DATA EXTRACT »
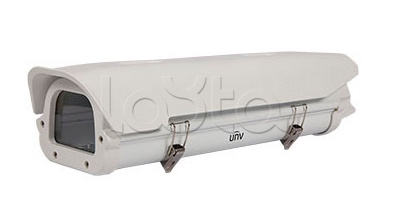 Uniview HS-217SHB-BL|Кожух для уличной камеры видеонаблюдения Uniview ...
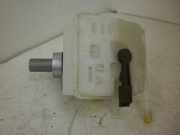 Hauptzylinder ABS 96542002100 Peugeot Partner (GC/GF/GG/GJ/GK) Van 1.6 HDI 90 16V (DV6TED4BU/FAP(9HS)) 2009-07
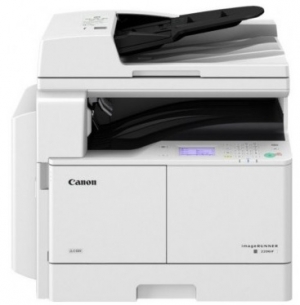 Canon iR2206iF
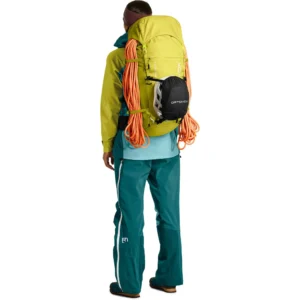 Peak Light 38 S Tourenrucksack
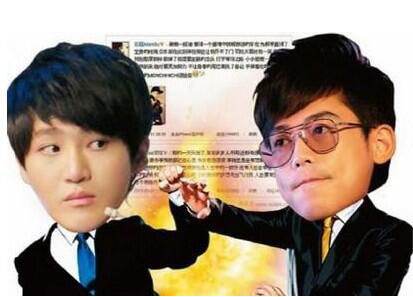 苏醒打李炜事件始末真相揭秘 苏醒女友夏航燕现状如何结婚了吗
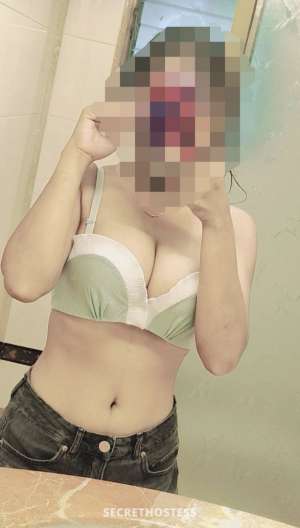25Yrs Old Escort Muscat Image - 2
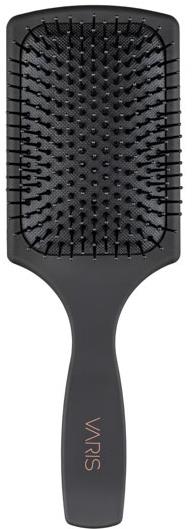 VARIS Paddle brush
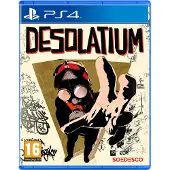 DESOLATIUM (4)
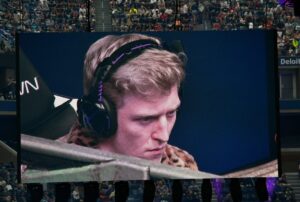 tfue-1-1024x691.jpeg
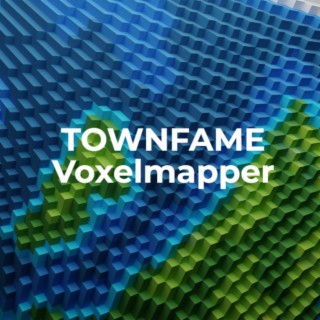 Voxelmapper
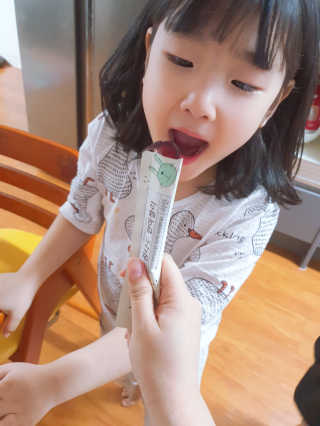 골디님이 올린 리뷰 사진 4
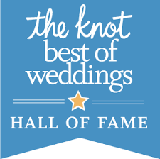 knot hall of fame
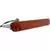 BRAKE LIGHT HILUX 16/ VERMELHO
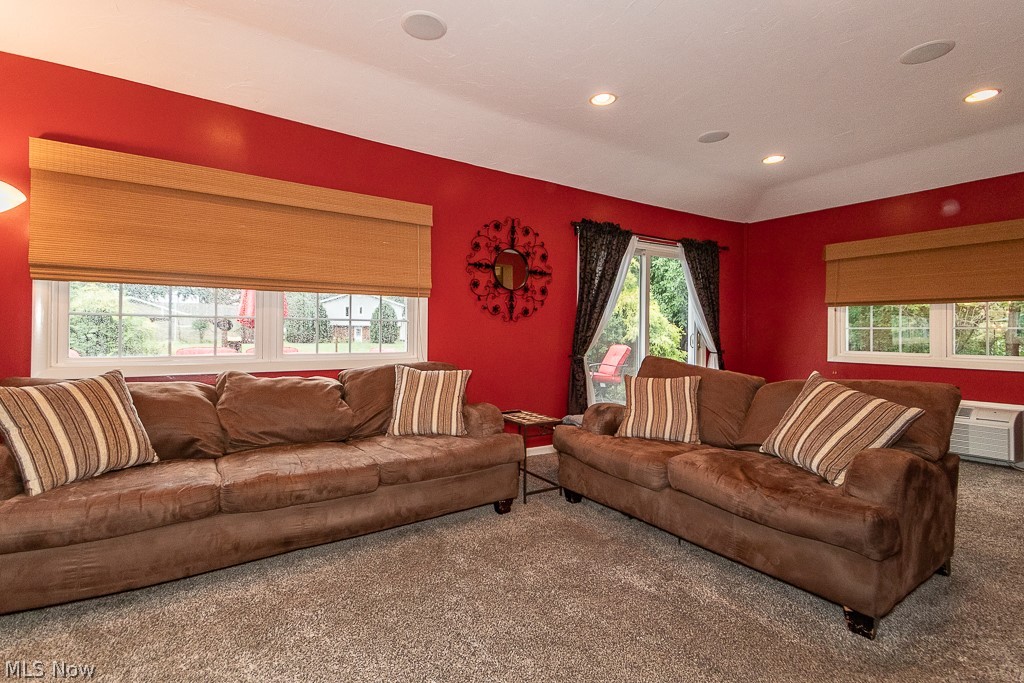 1934 Caronia Drive Lyndhurst OH 44124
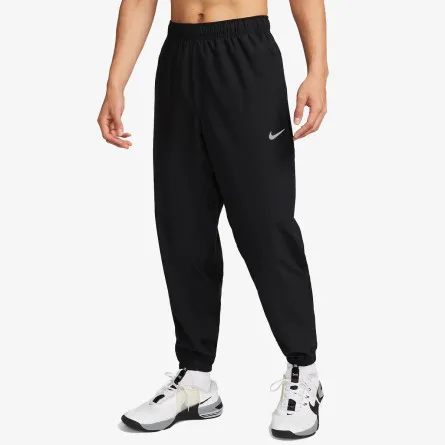 Nike Donji Deo Trenerke Form 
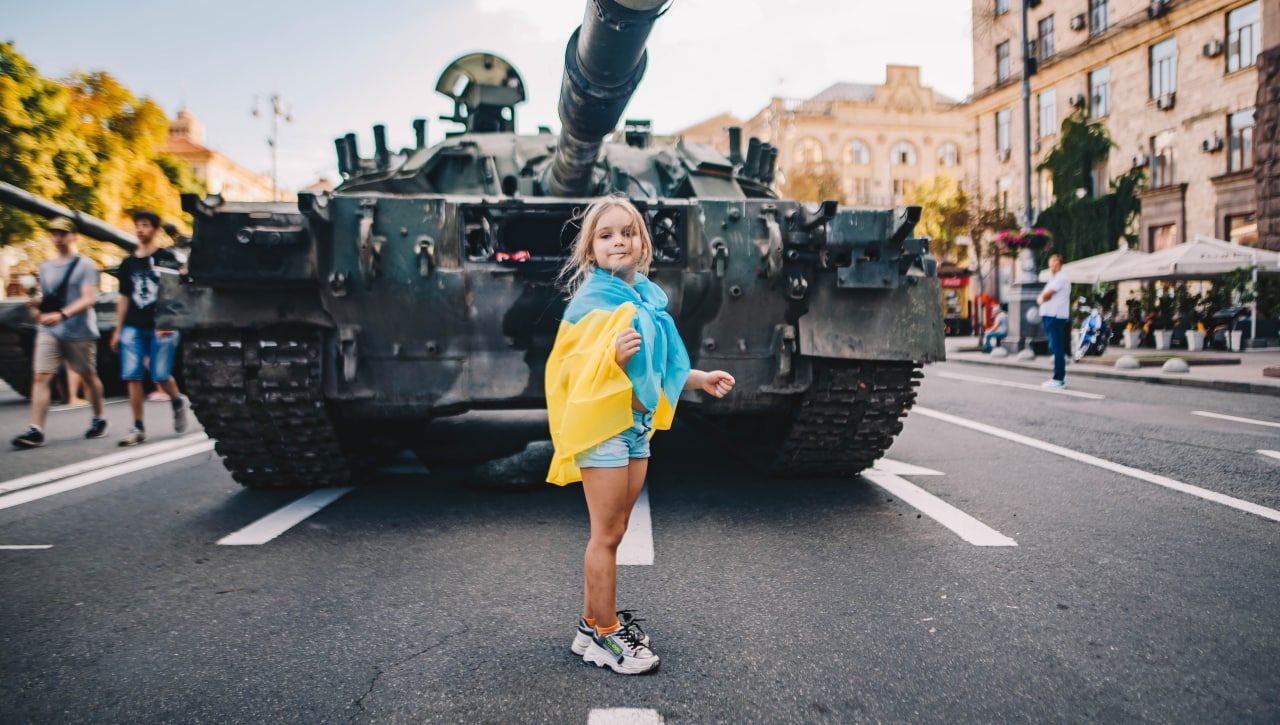 Українська мова - противники державної в Україні змінили тактику, діють підступно Українська мова - противники державної в Україні змінили тактику, діють підступно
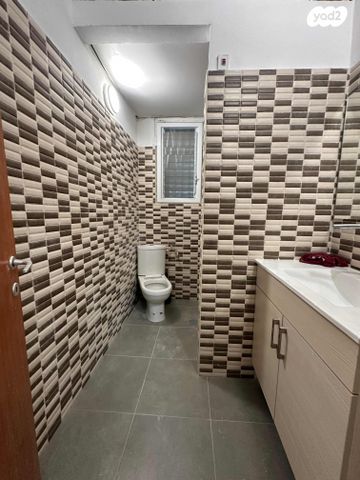 דירה, מישאל מזרחי, תל אביב יפו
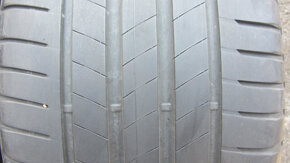 Letní pneu 235/35/19 Bridgestone - 3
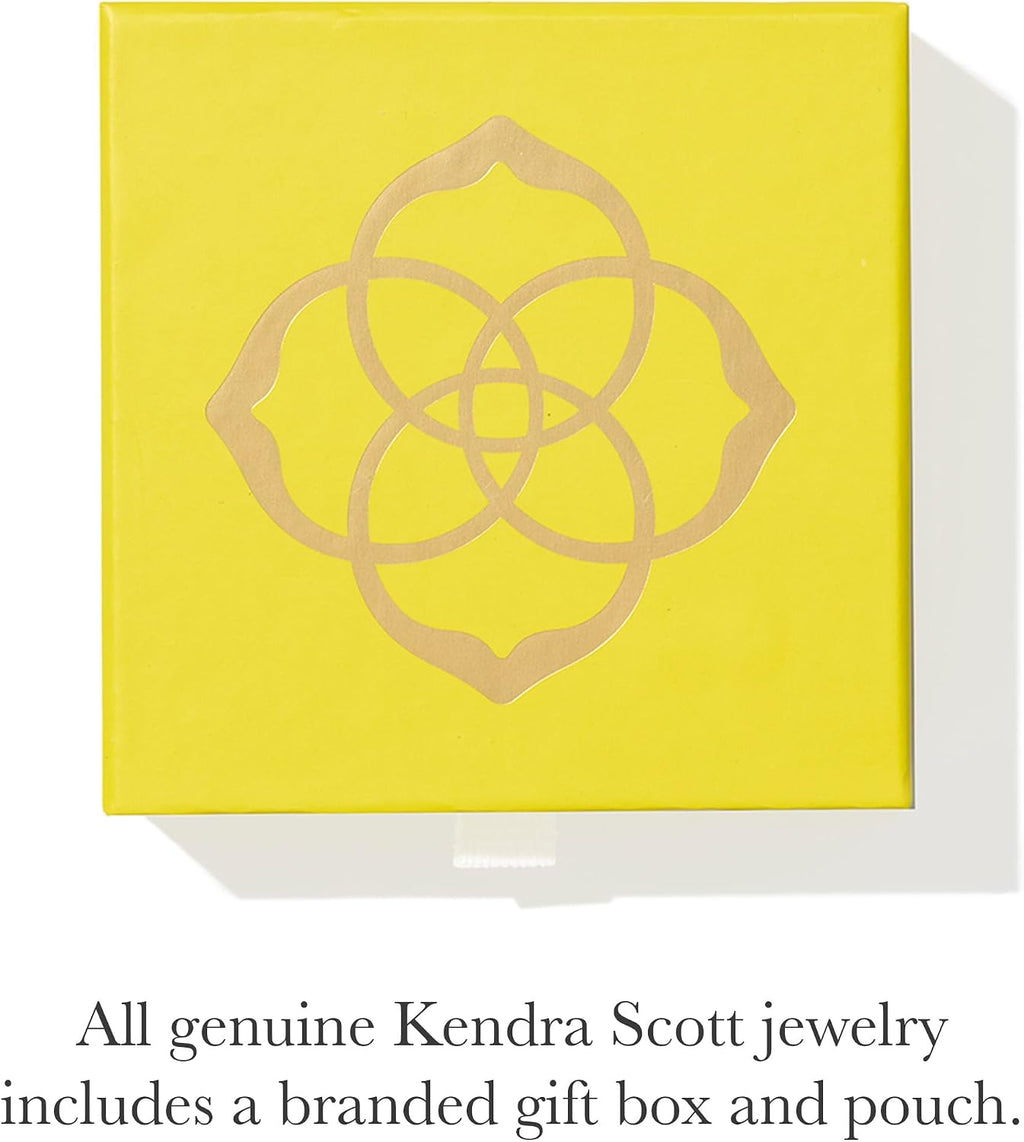 Kendra Scott Grayson Crystal Stretch Bracelet, Fashion Jewelry for Women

DESCRIPTION OF THE TASK »
Each entry above should be printed again word for word, with any picture dropped.

OUTPUT FOR THIS TASK »
 Uniview HS-217SHB-BL|Кожух для уличной камеры видеонаблюдения Uniview ...
 Hauptzylinder ABS 96542002100 Peugeot Partner (GC/GF/GG/GJ/GK) Van 1.6 HDI 90 16V (DV6TED4BU/FAP(9HS)) 2009-07
 Canon iR2206iF
 Peak Light 38 S Tourenrucksack
 苏醒打李炜事件始末真相揭秘 苏醒女友夏航燕现状如何结婚了吗
25Yrs Old Escort Muscat Image - 2
 VARIS Paddle brush
 DESOLATIUM (4)
 tfue-1-1024x691.jpeg
 Voxelmapper
 골디님이 올린 리뷰 사진 4
 knot hall of fame
 BRAKE LIGHT HILUX 16/ VERMELHO
 1934 Caronia Drive Lyndhurst OH 44124
 Nike Donji Deo Trenerke Form 
 Українська мова - противники державної в Україні змінили тактику, діють підступно Українська мова - противники державної в Україні змінили тактику, діють підступно
 דירה, מישאל מזרחי, תל אביב יפו
 Letní pneu 235/35/19 Bridgestone - 3
 Kendra Scott Grayson Crystal Stretch Bracelet, Fashion Jewelry for Women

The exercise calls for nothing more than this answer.